On Reconciliation / Über Versöhnung
The bilingual publication On Reconciliation / Über Versöhnung uses the letters exchanged between Martin Heidegger and Hannah Arendt from 1925 and 1975 as a departure for a series of essays and conversations aiming to encourage a public debate on a difficult subject: the question of ethics and artistic production. The conceptual background is Arendt’s notion of “reconciliation” as an act of political judgment that, unlike revenge or forgiveness, can respond to wrongs in a way that fosters the political project of building and preserving a common world. In García’s view, Arendt not only formulated the concept of reconciliation to make bearable the world after the Second World War, but also to rationalize her unconditional loyalty to Heidegger (founded in youthful love) and her lifelong devotion to his oeuvre. Heidegger was infamously a member of the Nazi party and (arguably) the most important philosopher of the twentieth century, while Arendt was a German Jew who fled Europe to escape the Holocaust, later becoming an acclaimed social, historical, and political theorist.

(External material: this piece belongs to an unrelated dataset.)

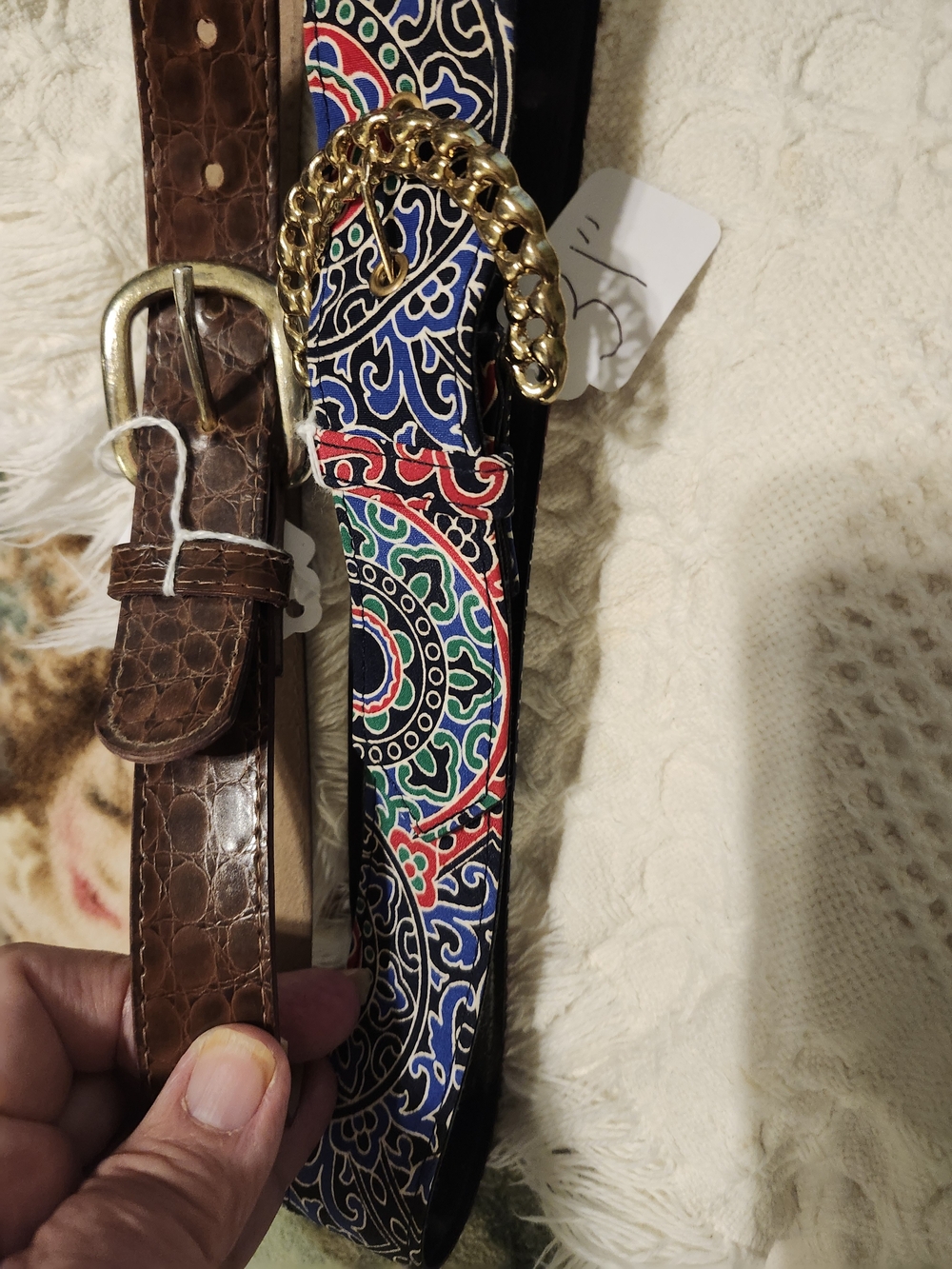 Colorful Embroidered Pattern Belt with Gold Chain Accent And Faux Leather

Begun in the wake of the debate following the publication of Heidegger’s Black Notebooks, the starting point for On Reconciliation / Über Versöhnung was a commission by the Galerie frür Gegenwartskunst of E-Werk in Freiburg in 2016. Shortly after these cahiers shamelessly exposed the philosopher’s Anti-Semitism and Nazism, the University of Freiburg (where he had been rector at the beginning of the Nazi period) eliminated its Heidegger Chair in the Philosophy Department—though the cause was never made fully explicit. Articulated through various formats such as an exhibition, performances, public dialogues, and a publication developed in collaboration with K. Verlag, On Reconciliation / Über Versöhnung approaches the following question: Should moral positions be demanded from authors (in addition to professional excellence), and should their failure to satisfy our (contemporary) ethical standards be a reason to dismiss their work completely?